### What is required:
Below are records; reproduce exactly the lines from the first through the one containing "Proceed with reorientation".

### Entries provided:
####################

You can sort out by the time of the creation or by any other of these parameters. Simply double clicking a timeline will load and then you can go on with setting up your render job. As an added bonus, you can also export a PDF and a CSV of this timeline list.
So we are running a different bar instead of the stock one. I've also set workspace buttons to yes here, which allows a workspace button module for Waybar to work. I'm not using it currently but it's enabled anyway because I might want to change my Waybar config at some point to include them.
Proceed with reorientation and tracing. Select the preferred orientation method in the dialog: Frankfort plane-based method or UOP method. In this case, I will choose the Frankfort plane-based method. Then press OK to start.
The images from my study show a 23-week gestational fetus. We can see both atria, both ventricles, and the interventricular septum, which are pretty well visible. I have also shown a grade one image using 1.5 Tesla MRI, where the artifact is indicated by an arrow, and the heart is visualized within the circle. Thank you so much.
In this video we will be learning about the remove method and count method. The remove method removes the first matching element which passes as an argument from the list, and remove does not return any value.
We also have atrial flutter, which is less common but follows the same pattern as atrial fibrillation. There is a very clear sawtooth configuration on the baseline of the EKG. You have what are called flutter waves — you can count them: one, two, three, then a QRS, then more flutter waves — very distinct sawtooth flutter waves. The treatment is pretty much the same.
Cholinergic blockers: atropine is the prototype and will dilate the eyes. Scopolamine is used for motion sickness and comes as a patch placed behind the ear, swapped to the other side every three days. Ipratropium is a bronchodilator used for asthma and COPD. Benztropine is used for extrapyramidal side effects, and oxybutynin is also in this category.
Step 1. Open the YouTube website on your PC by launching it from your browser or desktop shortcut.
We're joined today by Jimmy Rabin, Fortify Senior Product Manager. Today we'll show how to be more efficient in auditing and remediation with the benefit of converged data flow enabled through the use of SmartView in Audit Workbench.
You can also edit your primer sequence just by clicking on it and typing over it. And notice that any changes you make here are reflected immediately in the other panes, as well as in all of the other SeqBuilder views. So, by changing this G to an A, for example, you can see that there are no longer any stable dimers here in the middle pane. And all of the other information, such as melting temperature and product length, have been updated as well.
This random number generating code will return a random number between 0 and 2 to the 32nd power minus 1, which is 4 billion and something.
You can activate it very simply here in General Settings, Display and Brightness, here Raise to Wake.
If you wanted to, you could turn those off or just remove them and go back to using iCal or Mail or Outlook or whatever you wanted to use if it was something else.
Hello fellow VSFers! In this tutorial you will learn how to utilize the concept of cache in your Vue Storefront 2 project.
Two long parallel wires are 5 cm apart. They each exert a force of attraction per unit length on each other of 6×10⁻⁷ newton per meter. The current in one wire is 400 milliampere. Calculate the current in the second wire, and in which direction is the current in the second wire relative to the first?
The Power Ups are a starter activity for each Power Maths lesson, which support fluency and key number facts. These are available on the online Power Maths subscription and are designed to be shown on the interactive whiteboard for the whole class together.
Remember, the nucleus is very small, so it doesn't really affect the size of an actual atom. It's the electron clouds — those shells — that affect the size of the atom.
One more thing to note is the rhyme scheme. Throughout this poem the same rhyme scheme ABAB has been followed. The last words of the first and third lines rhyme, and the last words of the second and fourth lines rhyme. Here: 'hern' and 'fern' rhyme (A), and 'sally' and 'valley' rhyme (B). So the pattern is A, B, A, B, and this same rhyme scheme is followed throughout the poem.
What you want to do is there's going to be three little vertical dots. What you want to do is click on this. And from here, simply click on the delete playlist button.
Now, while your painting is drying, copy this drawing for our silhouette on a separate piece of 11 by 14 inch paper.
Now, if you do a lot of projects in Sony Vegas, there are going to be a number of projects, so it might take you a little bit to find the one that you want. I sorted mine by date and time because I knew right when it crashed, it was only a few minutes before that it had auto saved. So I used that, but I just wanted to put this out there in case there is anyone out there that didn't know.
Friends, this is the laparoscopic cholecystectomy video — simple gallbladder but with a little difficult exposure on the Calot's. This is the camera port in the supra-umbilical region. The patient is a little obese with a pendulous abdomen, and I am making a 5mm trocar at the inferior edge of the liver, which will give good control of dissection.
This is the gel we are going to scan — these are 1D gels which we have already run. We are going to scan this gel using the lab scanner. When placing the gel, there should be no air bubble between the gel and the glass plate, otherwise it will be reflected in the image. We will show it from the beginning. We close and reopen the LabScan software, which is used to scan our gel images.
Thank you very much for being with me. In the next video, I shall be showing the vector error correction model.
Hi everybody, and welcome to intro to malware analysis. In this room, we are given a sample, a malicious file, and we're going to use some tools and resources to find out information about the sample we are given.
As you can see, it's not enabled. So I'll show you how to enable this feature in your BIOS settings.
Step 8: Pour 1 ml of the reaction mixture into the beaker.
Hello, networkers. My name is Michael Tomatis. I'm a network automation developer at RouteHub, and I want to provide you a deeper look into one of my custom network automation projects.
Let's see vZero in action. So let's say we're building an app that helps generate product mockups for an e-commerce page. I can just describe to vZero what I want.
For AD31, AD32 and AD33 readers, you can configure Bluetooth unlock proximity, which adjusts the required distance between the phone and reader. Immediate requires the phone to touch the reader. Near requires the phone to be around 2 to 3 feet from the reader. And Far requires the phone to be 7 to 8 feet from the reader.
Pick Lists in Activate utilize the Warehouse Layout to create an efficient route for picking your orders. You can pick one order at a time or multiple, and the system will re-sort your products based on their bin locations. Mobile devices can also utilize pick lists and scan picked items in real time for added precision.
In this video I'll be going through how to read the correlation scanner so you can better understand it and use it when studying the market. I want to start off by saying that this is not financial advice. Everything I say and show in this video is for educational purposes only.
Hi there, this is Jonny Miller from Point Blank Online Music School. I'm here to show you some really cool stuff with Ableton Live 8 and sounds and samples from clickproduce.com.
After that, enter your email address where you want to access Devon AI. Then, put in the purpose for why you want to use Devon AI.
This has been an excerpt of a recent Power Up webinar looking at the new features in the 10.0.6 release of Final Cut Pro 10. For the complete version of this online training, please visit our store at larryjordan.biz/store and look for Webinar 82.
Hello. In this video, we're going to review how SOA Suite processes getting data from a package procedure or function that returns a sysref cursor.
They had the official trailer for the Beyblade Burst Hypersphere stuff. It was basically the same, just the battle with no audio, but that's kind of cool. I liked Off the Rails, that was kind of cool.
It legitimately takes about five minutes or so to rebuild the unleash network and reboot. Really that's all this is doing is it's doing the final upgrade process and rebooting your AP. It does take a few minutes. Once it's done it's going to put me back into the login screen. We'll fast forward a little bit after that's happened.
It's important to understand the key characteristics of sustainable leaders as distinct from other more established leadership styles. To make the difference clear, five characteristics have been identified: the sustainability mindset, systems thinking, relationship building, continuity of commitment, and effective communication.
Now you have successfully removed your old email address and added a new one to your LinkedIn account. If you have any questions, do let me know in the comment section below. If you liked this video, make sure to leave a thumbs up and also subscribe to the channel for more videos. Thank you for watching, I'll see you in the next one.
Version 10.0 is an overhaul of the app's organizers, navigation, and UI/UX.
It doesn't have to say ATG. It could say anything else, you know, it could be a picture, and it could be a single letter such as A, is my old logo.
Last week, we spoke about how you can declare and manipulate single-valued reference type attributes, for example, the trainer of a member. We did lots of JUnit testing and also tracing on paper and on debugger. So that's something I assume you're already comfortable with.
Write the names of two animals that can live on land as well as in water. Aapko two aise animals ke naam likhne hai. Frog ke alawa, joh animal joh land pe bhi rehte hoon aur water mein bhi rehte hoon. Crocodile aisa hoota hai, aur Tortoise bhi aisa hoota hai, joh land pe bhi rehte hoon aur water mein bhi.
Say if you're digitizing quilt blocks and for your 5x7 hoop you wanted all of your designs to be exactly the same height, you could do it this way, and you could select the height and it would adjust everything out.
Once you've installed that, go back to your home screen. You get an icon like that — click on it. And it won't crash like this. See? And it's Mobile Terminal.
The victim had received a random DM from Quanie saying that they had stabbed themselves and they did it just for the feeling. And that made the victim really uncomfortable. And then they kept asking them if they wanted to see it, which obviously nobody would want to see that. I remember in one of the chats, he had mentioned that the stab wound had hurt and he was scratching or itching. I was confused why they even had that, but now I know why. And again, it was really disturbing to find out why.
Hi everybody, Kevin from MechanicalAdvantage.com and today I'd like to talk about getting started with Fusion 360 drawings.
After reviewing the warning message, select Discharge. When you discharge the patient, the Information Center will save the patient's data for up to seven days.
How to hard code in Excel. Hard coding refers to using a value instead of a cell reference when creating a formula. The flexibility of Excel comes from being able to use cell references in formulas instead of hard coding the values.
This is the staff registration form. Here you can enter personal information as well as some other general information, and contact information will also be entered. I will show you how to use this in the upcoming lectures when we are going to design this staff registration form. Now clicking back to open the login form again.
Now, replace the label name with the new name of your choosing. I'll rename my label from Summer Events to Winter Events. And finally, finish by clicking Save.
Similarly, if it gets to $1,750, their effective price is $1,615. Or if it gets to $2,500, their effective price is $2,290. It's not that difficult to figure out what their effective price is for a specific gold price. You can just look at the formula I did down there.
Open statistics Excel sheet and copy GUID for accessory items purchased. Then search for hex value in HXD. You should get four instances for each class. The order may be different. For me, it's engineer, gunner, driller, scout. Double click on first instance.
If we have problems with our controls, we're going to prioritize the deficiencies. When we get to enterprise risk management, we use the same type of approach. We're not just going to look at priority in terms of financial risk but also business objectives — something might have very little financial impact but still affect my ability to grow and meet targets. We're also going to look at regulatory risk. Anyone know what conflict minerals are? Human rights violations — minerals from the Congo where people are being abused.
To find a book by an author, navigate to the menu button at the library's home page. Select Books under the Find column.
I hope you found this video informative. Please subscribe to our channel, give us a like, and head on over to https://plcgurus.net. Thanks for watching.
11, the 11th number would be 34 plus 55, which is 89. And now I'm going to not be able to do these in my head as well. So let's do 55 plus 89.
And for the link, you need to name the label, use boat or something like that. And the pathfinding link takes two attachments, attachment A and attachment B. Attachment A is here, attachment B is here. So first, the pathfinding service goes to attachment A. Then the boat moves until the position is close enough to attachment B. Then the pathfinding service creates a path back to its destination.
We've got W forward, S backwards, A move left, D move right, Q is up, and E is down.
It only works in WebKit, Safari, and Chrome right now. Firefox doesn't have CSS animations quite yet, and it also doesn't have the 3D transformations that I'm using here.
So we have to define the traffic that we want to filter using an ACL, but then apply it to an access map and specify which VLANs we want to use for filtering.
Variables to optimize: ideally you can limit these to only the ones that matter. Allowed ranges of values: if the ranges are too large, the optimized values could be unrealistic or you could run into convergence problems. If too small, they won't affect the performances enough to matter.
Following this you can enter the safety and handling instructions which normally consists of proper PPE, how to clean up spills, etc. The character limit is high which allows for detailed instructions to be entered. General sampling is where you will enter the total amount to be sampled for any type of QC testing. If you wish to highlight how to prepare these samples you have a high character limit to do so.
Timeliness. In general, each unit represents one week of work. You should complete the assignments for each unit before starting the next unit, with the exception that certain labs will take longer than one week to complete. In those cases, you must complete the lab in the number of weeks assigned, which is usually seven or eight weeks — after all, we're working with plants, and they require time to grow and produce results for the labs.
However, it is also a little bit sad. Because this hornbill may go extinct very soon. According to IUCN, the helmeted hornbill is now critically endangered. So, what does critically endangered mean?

####################

### Reply to the exercise:
You can sort out by the time of the creation or by any other of these parameters. Simply double clicking a timeline will load and then you can go on with setting up your render job. As an added bonus, you can also export a PDF and a CSV of this timeline list.
So we are running a different bar instead of the stock one. I've also set workspace buttons to yes here, which allows a workspace button module for Waybar to work. I'm not using it currently but it's enabled anyway because I might want to change my Waybar config at some point to include them.
Proceed with reorientation and tracing. Select the preferred orientation method in the dialog: Frankfort plane-based method or UOP method. In this case, I will choose the Frankfort plane-based method. Then press OK to start.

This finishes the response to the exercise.